Sunday, April 26, 2015

Ellsberg On the Canonization of Dorothy Day, May, 2015

The Lamb Catholic Worker, Columbus, Ohio, Reprint

"Why I Support the Canonization of Dorothy Day" by Robert Ellsberg,
America Magazine. May 2015 also May 2015 NYC CW
http://americamagazine.org/issue/called-be-saints

In the early years of The Catholic Worker, the newspaper was largely
illustrated with Ade Bethune’s images of the saints. This was not just
for pious decoration. Depicted in modern dress, engaged in the works
of mercy, these figures literally illustrated what the editors were
trying to communicate through words and actions. The saints, as
Dorothy spoke of them, were our friends and companions, examples of
the Gospel in action. She devoted many years to writing a biography of
her favorite saint, Thérèse of Lisieux, exulting in the incredible
speed with which the Little Flower was canonized—a sign that she was
truly “the people’s saint.”


In discussing the saints, Dorothy always acknowledged their humanity,
their capacity for discouragement and sorrow, their mistakes and
failures, along with their courage and faithfulness. There is no doubt
she wished to take them off their pedestals, to show them as human
beings who nevertheless represented in their time the ideals and
spirit of the Gospel.


She was quite aware of the dangers of sentimental hagiography—the
“pious pap” that makes saints seem somehow less than fully human. She
quoted a text about the eating habits of the saints, which read,
“Blessed de Montfort sometimes shed tears and sobbed bitterly when
sitting at table to eat.” To this, she commented, “No wonder no one
wants to be a saint.”

She felt it was important that we tell the stories of “saints as they
really were, as they affected the lives of their times.” But it was
also important to underscore their radical challenge: how St.
Catherine of Siena confronted the pope; how St. Benedict promoted the
spirit of peace; how St. Francis met with the sultan in a mission of
reconciliation.

When Gordon Zahn wrote about his discouragement with the bishops and
their failure to address the Vietnam War, she wrote: “In all history
popes and bishops and father abbots seem to have been blind and power
loving and greedy. I never expected leadership from them. It is the
saints that keep appearing all thru [sic] history who keep things
going.”

Above all, Dorothy believed that the canonized saints were those who
reminded us of our true vocation. “We are all called to be saints,”
she wrote, “and we might as well get over our bourgeois fear of the
name. We might also get used to recognizing the fact that there is
some of the saint in all of us. Inasmuch as we are growing, putting
off the old man and putting on Christ, there is some of the saint, the
holy, the divine right there.” She acknowledged, sadly, that most
people nowadays, “if they were asked, would say diffidently that they
do not profess to be saints, indeed they do not want to be saints. And
yet the saint is the holy man, the ‘whole man,’ the integrated man. We
all wish to be that.”

One of the things that attracted her to St. Thérèse was that in her
Little Way she showed a path of holiness available to all people and
in all circumstances. Dorothy—who was born the same year that Thérèse
died—wished to make known the social implications of the Little Way:
“The significance of our smallest acts! The significance of the little
things we leave undone! The protests we do not make, the stands we do
not take, we who are living in the world.”

A New Kind of Saint

And what of the meaning of saints for the church? It is important to
recognize that in canonizing a saint, the church is not bestowing a
kind of posthumous “honor.” Canonization has no impact or import for
the saint herself. Canonization is really a gift the church makes to
itself. Through recognition of certain individuals—a minuscule number
compared to all those holy men and women known to God—the church is
challenged to enlarge its understanding of the Gospel, to provide new
models that people can relate to, examples who met the challenge of
discipleship in their own time and thus inspire us to do the same.

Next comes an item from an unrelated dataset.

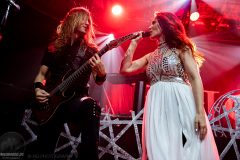 Epica in der Garage Saarbrücken am 24.06.2022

But as Simone Weil said, it is not nearly enough to be a saint; “We
must have the saintliness demanded by the present moment.” Early in
her life, Dorothy recognized the need for a new kind of saint. Even as
a child she noted how moved she was by the stories of saints who cared
for the poor, the sick, the leper. But another question arose in her
mind: “Why was so much done in remedying the evil instead of avoiding
it in the first place?... Where were the saints to try to change the
social order, not just to minister to the slaves but to do away with
slavery?” It was a question to be answered with her own life.

In 1932, as she uttered her fateful prayer at the Basilica of the
Immaculate Conception, Dorothy sought an answer about how to integrate
her faith and her commitment to justice and the cause of the
oppressed. She prayed to make a synthesis of “body and soul, this
world and the next.” In effect she was seeking a model for how to
minister to the slaves while also working to do away with slavery.
Many saints had performed the works of mercy and poured themselves out
in charity. By combining her work for justice with the practice of
charity, Dorothy made an enormous gift to the church. No one coming
afterward would have to imagine what such a saint might look like.

But there are other gifts. By far the overwhelming majority of saints,
both in history and in recent times, have been priests and members of
religious orders. Of the 1,000 or so saints beatified or canonized
under Pope John Paul II the majority—apart from martyrs—were founders
or members of religious orders. Arguably, this reinforces the
stereotypical notion that religious life is a prerequisite for
holiness.

Dorothy, in her deeply disciplined life of prayer and participation in
the sacramental life of the church, her embrace of voluntary poverty,
and her spirit of self-sacrifice and loving service, resembles many
saints who went before. Yet as a layperson, as a woman, as an
unmarried mother, as the founder and leader of a lay movement that has
always operated without any official authorization from the church, as
the publisher of a newspaper that presumed to take social positions
far in advance of the magisterium of her time, Dorothy Day represents
quite an unusual—and significant—candidate for canonization.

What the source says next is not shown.